First let $$ T_k = (123...k)_{10} $$ $$ S =\sum_{k=1}^{2026} T_k $$ We must now prove that S is not a perfect square. We know that in base 10 by congruence $$ 10 \equiv 2 (mod 4), 10^2\equiv 0(mod4),10^m\equiv0(mod4)$$ For all m >=2. From this we can see when working in mod 4 we only depend the last two digits of our concatenated integer. $$ => T_k\equiv(\text Final \space two \space decimal \space digits \space of \space T_k) (mod4) $$ We can see for all k>= 10 the last two digits of T_k are the last two digits of k this gives us $$T_k\equiv k (mod4)$$ Now separate the sums $$S=\sum_{k=1}^{2026} T_k=\sum_{k=1}^{9} T_k+\sum_{k=10}^{2026} T_k $$ Now implement our mod 4 $$\sum_{k=10}^{2026} T_k \equiv \sum_{k=10}^{2026}k \equiv (\sum_{k=1}^{2026} k) - (\sum_{k=1}^{9} k)(mod4) $$ Compute first sum $$ \sum_{k=1}^{2026} k = 1013*2027 \equiv 1*3 \equiv 3(mod4) $$ From here we see 1013 is equivalent to 1(mod4) and 2027 3(mod4).

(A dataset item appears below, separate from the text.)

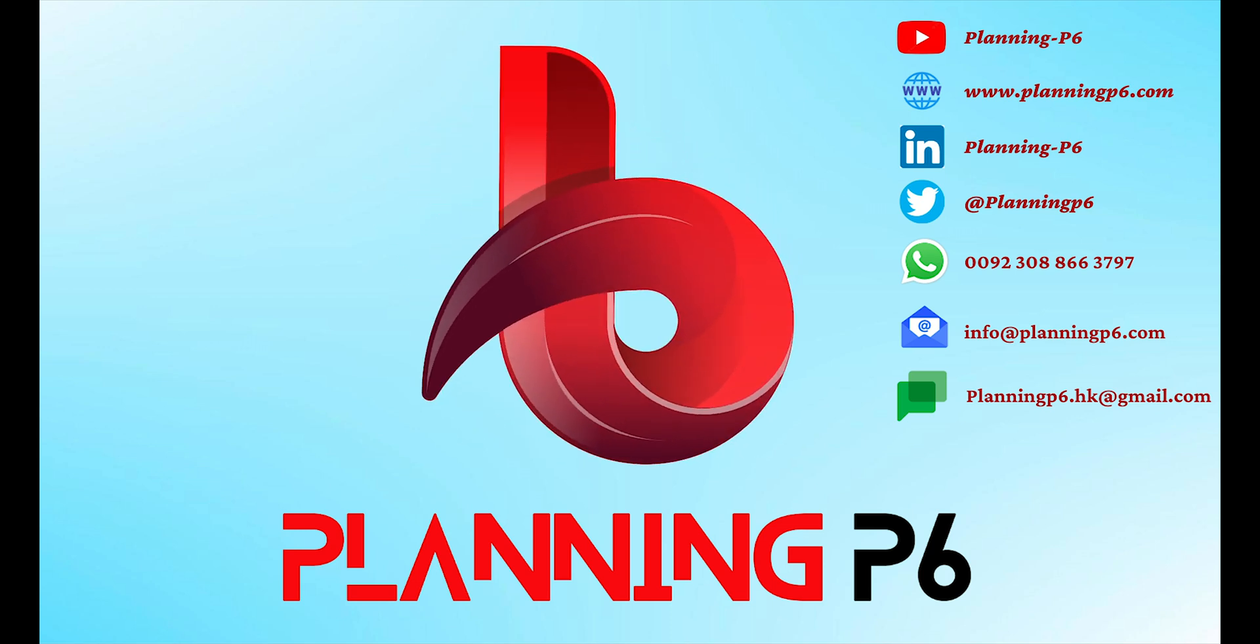Hello friends, welcome to Planning P6. Hope you are doing well. Today we are here to introduce our new tool, which is Schedule Exporter by Planning P6. Before, our tool was Schedule Analyzer. Now this tool is Schedule Exporter.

We also see for k=45 we are still 1(mod4), so from here $$ \sum_{k=10}^{2026} T_k \equiv 3-1 \equiv 2(mod4) $$ Now for the first k=1..9 we simply observe the last two digits 1,12,23,34,45,56,67,78,89. Now we sum them and put the parts together $$ 1+12+23+34+45+56+67+78+89=405\equiv 1(mod4)$$ $$S\equiv \sum_{k=1}^{9} T_k + \sum_{k=10}^{2026} T_k \equiv 1+2+ \equiv 3(mod4) $$ Since we know a perfect square in mod4 can only be 1 or 0 and S is equivalent to 3(mod 4) we can see that S can not be a perfect square.